Assignment
Please transcribe the listing that follows exactly; images are to be excluded.

Data section
▼▼▼

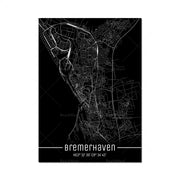 Map Black Line Poster Canvas Painting Home Decor Wall Art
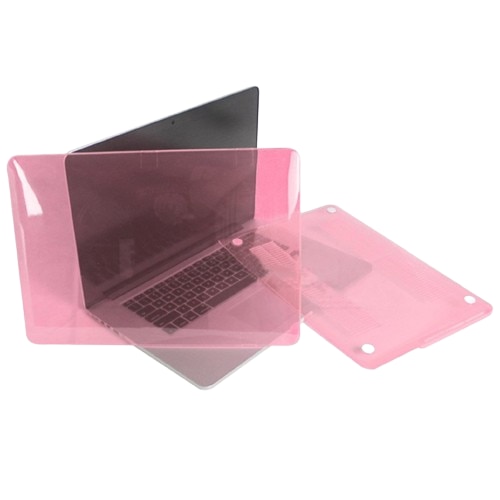 Carcasa de protectie, Compatibila cu Macbook Air 13.6 inch, Ultra-Slim, Roz Cristal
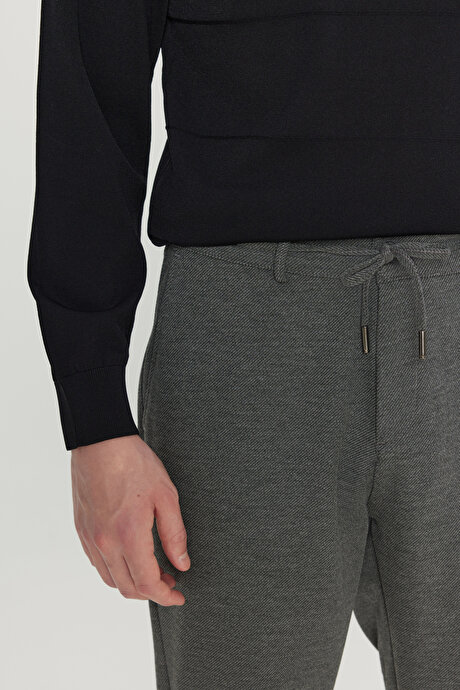 Jogger Slim Fit Dar Kesim Yan Cepli Beli Bağlamalı Casual Gri Melanj Pantolon resmi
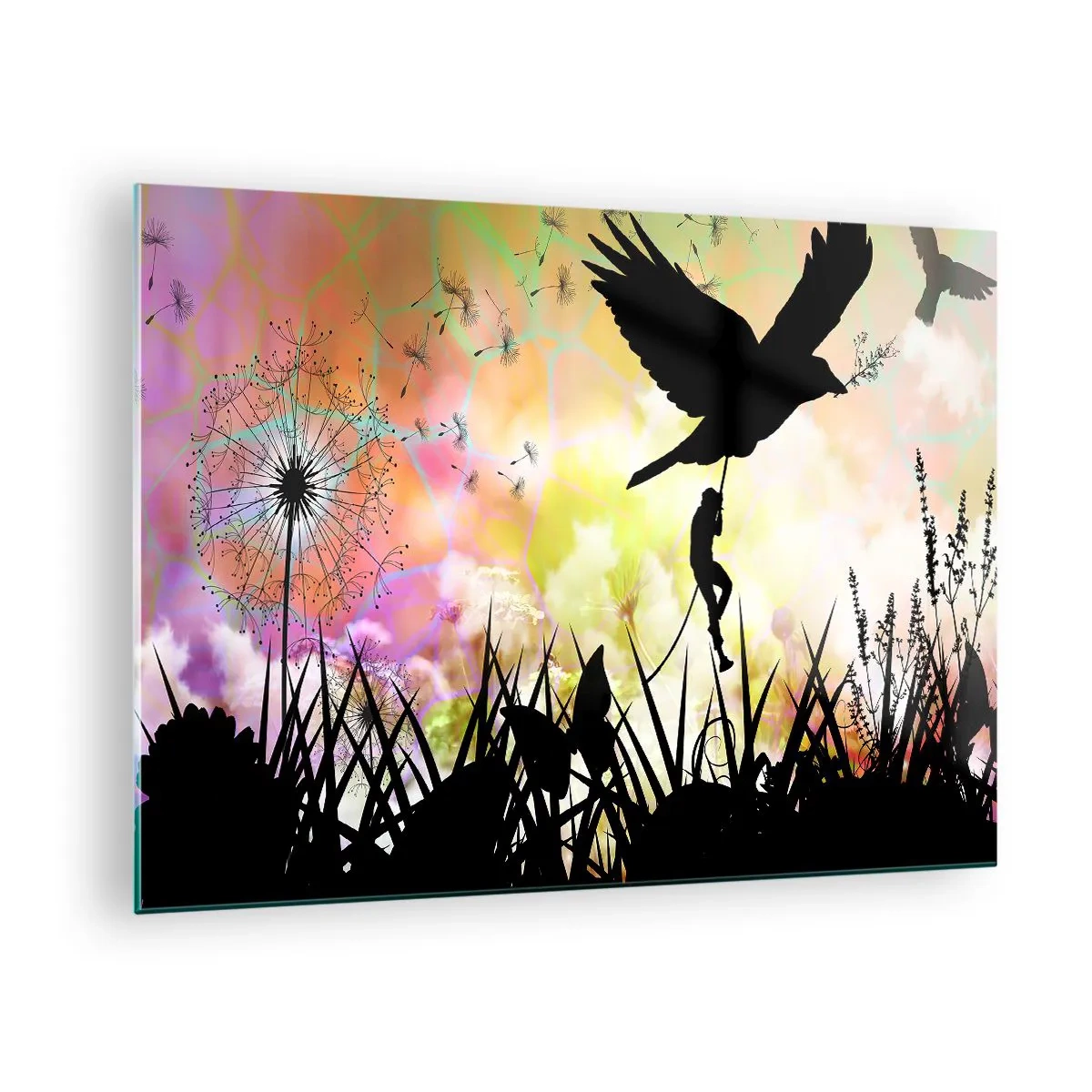 Obraz na skle - Ilustrace postavy šplhající po ptákovi na pozadí barevných květin. - 70x50cm - V pohádkové atmosféře - Moderní nástěnná dekorace do obývacího pokoje a ložnice ARTTOR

▲▲▲

Exercise response
 Map Black Line Poster Canvas Painting Home Decor Wall Art
 Carcasa de protectie, Compatibila cu Macbook Air 13.6 inch, Ultra-Slim, Roz Cristal
 Jogger Slim Fit Dar Kesim Yan Cepli Beli Bağlamalı Casual Gri Melanj Pantolon resmi
 Obraz na skle - Ilustrace postavy šplhající po ptákovi na pozadí barevných květin. - 70x50cm - V pohádkové atmosféře - Moderní nástěnná dekorace do obývacího pokoje a ložnice ARTTOR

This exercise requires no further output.